# Exercise materials
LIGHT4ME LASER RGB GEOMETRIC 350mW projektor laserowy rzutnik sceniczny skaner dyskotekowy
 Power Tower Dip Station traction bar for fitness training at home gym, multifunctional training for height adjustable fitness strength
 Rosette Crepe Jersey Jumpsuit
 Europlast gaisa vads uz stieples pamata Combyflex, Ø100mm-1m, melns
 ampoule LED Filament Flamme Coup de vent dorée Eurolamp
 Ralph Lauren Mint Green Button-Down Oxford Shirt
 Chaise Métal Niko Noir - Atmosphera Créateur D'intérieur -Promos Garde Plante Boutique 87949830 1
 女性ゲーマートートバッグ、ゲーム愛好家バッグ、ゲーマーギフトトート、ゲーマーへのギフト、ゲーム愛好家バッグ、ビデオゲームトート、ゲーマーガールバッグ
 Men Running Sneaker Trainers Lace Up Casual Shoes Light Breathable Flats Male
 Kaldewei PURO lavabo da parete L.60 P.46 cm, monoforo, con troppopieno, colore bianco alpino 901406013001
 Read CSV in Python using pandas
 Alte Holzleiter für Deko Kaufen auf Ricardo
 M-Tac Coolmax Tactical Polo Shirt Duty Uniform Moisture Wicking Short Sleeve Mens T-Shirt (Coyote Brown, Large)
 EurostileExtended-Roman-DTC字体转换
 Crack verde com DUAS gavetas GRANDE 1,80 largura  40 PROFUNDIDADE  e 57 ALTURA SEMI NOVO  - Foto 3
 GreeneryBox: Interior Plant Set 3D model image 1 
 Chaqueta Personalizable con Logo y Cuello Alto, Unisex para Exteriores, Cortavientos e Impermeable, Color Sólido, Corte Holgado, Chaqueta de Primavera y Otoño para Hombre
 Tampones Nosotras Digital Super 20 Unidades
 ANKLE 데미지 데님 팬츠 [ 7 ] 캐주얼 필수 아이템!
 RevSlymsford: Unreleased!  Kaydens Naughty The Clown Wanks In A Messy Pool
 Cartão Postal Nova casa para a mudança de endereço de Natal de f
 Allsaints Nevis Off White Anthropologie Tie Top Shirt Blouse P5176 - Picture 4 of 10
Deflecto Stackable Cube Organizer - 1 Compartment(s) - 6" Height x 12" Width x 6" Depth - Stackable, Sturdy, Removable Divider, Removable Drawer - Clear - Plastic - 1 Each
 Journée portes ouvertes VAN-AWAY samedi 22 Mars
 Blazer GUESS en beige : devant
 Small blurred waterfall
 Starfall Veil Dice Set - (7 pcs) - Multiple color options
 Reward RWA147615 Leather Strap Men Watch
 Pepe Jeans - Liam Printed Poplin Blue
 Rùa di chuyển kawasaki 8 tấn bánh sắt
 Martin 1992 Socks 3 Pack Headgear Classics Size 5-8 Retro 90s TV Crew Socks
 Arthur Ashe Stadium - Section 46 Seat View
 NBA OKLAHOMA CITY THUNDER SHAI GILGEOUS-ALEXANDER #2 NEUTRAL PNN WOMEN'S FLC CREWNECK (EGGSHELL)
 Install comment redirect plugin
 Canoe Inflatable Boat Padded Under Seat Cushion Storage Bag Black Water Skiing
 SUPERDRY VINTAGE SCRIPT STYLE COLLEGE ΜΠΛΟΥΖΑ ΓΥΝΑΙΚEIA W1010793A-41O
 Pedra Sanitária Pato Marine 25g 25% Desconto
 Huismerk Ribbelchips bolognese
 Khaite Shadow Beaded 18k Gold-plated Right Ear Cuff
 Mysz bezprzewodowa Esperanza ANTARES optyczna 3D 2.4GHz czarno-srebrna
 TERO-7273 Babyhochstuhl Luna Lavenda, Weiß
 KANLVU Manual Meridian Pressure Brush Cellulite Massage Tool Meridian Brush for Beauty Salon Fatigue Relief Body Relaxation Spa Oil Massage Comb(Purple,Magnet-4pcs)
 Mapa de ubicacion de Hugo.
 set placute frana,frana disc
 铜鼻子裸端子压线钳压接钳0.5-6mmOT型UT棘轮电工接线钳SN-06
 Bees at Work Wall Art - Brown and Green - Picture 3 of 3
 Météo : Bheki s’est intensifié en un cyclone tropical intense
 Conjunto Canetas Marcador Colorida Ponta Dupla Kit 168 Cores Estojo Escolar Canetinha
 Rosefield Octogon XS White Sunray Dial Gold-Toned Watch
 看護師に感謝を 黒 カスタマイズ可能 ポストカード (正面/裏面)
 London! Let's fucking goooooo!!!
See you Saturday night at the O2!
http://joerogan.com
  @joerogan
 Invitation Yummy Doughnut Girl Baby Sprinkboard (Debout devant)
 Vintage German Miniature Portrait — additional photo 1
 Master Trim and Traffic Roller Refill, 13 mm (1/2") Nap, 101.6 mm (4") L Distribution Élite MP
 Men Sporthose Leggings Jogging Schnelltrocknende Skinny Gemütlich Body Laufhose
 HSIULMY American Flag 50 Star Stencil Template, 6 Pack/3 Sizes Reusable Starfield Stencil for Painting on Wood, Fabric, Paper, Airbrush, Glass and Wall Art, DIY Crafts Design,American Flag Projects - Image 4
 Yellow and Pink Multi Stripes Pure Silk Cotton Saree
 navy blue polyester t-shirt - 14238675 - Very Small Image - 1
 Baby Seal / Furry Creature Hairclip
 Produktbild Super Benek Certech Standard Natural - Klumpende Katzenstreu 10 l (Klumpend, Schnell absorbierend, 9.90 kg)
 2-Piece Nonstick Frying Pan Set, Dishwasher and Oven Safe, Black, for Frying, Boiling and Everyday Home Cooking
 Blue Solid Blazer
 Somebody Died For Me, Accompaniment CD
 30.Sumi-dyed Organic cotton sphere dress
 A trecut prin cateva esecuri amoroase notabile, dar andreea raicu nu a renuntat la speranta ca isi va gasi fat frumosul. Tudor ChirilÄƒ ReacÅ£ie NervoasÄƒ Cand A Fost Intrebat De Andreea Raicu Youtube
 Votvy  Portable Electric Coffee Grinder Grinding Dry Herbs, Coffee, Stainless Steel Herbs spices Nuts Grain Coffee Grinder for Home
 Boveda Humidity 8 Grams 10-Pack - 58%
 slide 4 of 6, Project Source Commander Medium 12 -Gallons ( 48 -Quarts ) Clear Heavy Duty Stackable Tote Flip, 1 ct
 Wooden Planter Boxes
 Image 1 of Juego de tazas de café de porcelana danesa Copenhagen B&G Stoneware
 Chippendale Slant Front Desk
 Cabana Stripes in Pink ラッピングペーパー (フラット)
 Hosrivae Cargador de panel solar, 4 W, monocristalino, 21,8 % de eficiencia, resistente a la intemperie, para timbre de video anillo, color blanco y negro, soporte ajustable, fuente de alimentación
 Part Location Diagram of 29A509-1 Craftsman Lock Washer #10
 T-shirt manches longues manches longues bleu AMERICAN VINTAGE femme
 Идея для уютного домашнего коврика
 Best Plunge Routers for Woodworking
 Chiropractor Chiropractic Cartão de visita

# Work order
Reproduce every entry exactly, with nothing added or dropped.

# Exercise answer
LIGHT4ME LASER RGB GEOMETRIC 350mW projektor laserowy rzutnik sceniczny skaner dyskotekowy
 Power Tower Dip Station traction bar for fitness training at home gym, multifunctional training for height adjustable fitness strength
 Rosette Crepe Jersey Jumpsuit
 Europlast gaisa vads uz stieples pamata Combyflex, Ø100mm-1m, melns
 ampoule LED Filament Flamme Coup de vent dorée Eurolamp
 Ralph Lauren Mint Green Button-Down Oxford Shirt
 Chaise Métal Niko Noir - Atmosphera Créateur D'intérieur -Promos Garde Plante Boutique 87949830 1
 女性ゲーマートートバッグ、ゲーム愛好家バッグ、ゲーマーギフトトート、ゲーマーへのギフト、ゲーム愛好家バッグ、ビデオゲームトート、ゲーマーガールバッグ
 Men Running Sneaker Trainers Lace Up Casual Shoes Light Breathable Flats Male
 Kaldewei PURO lavabo da parete L.60 P.46 cm, monoforo, con troppopieno, colore bianco alpino 901406013001
 Read CSV in Python using pandas
 Alte Holzleiter für Deko Kaufen auf Ricardo
 M-Tac Coolmax Tactical Polo Shirt Duty Uniform Moisture Wicking Short Sleeve Mens T-Shirt (Coyote Brown, Large)
 EurostileExtended-Roman-DTC字体转换
 Crack verde com DUAS gavetas GRANDE 1,80 largura  40 PROFUNDIDADE  e 57 ALTURA SEMI NOVO  - Foto 3
 GreeneryBox: Interior Plant Set 3D model image 1 
 Chaqueta Personalizable con Logo y Cuello Alto, Unisex para Exteriores, Cortavientos e Impermeable, Color Sólido, Corte Holgado, Chaqueta de Primavera y Otoño para Hombre
 Tampones Nosotras Digital Super 20 Unidades
 ANKLE 데미지 데님 팬츠 [ 7 ] 캐주얼 필수 아이템!
 RevSlymsford: Unreleased!  Kaydens Naughty The Clown Wanks In A Messy Pool
 Cartão Postal Nova casa para a mudança de endereço de Natal de f
 Allsaints Nevis Off White Anthropologie Tie Top Shirt Blouse P5176 - Picture 4 of 10
Deflecto Stackable Cube Organizer - 1 Compartment(s) - 6" Height x 12" Width x 6" Depth - Stackable, Sturdy, Removable Divider, Removable Drawer - Clear - Plastic - 1 Each
 Journée portes ouvertes VAN-AWAY samedi 22 Mars
 Blazer GUESS en beige : devant
 Small blurred waterfall
 Starfall Veil Dice Set - (7 pcs) - Multiple color options
 Reward RWA147615 Leather Strap Men Watch
 Pepe Jeans - Liam Printed Poplin Blue
 Rùa di chuyển kawasaki 8 tấn bánh sắt
 Martin 1992 Socks 3 Pack Headgear Classics Size 5-8 Retro 90s TV Crew Socks
 Arthur Ashe Stadium - Section 46 Seat View
 NBA OKLAHOMA CITY THUNDER SHAI GILGEOUS-ALEXANDER #2 NEUTRAL PNN WOMEN'S FLC CREWNECK (EGGSHELL)
 Install comment redirect plugin
 Canoe Inflatable Boat Padded Under Seat Cushion Storage Bag Black Water Skiing
 SUPERDRY VINTAGE SCRIPT STYLE COLLEGE ΜΠΛΟΥΖΑ ΓΥΝΑΙΚEIA W1010793A-41O
 Pedra Sanitária Pato Marine 25g 25% Desconto
 Huismerk Ribbelchips bolognese
 Khaite Shadow Beaded 18k Gold-plated Right Ear Cuff
 Mysz bezprzewodowa Esperanza ANTARES optyczna 3D 2.4GHz czarno-srebrna
 TERO-7273 Babyhochstuhl Luna Lavenda, Weiß
 KANLVU Manual Meridian Pressure Brush Cellulite Massage Tool Meridian Brush for Beauty Salon Fatigue Relief Body Relaxation Spa Oil Massage Comb(Purple,Magnet-4pcs)
 Mapa de ubicacion de Hugo.
 set placute frana,frana disc
 铜鼻子裸端子压线钳压接钳0.5-6mmOT型UT棘轮电工接线钳SN-06
 Bees at Work Wall Art - Brown and Green - Picture 3 of 3
 Météo : Bheki s’est intensifié en un cyclone tropical intense
 Conjunto Canetas Marcador Colorida Ponta Dupla Kit 168 Cores Estojo Escolar Canetinha
 Rosefield Octogon XS White Sunray Dial Gold-Toned Watch
 看護師に感謝を 黒 カスタマイズ可能 ポストカード (正面/裏面)
 London! Let's fucking goooooo!!!
See you Saturday night at the O2!
http://joerogan.com
  @joerogan
 Invitation Yummy Doughnut Girl Baby Sprinkboard (Debout devant)
 Vintage German Miniature Portrait — additional photo 1
 Master Trim and Traffic Roller Refill, 13 mm (1/2") Nap, 101.6 mm (4") L Distribution Élite MP
 Men Sporthose Leggings Jogging Schnelltrocknende Skinny Gemütlich Body Laufhose
 HSIULMY American Flag 50 Star Stencil Template, 6 Pack/3 Sizes Reusable Starfield Stencil for Painting on Wood, Fabric, Paper, Airbrush, Glass and Wall Art, DIY Crafts Design,American Flag Projects - Image 4
 Yellow and Pink Multi Stripes Pure Silk Cotton Saree
 navy blue polyester t-shirt - 14238675 - Very Small Image - 1
 Baby Seal / Furry Creature Hairclip
 Produktbild Super Benek Certech Standard Natural - Klumpende Katzenstreu 10 l (Klumpend, Schnell absorbierend, 9.90 kg)
 2-Piece Nonstick Frying Pan Set, Dishwasher and Oven Safe, Black, for Frying, Boiling and Everyday Home Cooking
 Blue Solid Blazer
 Somebody Died For Me, Accompaniment CD
 30.Sumi-dyed Organic cotton sphere dress
 A trecut prin cateva esecuri amoroase notabile, dar andreea raicu nu a renuntat la speranta ca isi va gasi fat frumosul. Tudor ChirilÄƒ ReacÅ£ie NervoasÄƒ Cand A Fost Intrebat De Andreea Raicu Youtube
 Votvy  Portable Electric Coffee Grinder Grinding Dry Herbs, Coffee, Stainless Steel Herbs spices Nuts Grain Coffee Grinder for Home
 Boveda Humidity 8 Grams 10-Pack - 58%
 slide 4 of 6, Project Source Commander Medium 12 -Gallons ( 48 -Quarts ) Clear Heavy Duty Stackable Tote Flip, 1 ct
 Wooden Planter Boxes
 Image 1 of Juego de tazas de café de porcelana danesa Copenhagen B&G Stoneware
 Chippendale Slant Front Desk
 Cabana Stripes in Pink ラッピングペーパー (フラット)
 Hosrivae Cargador de panel solar, 4 W, monocristalino, 21,8 % de eficiencia, resistente a la intemperie, para timbre de video anillo, color blanco y negro, soporte ajustable, fuente de alimentación
 Part Location Diagram of 29A509-1 Craftsman Lock Washer #10
 T-shirt manches longues manches longues bleu AMERICAN VINTAGE femme
 Идея для уютного домашнего коврика
 Best Plunge Routers for Woodworking
 Chiropractor Chiropractic Cartão de visita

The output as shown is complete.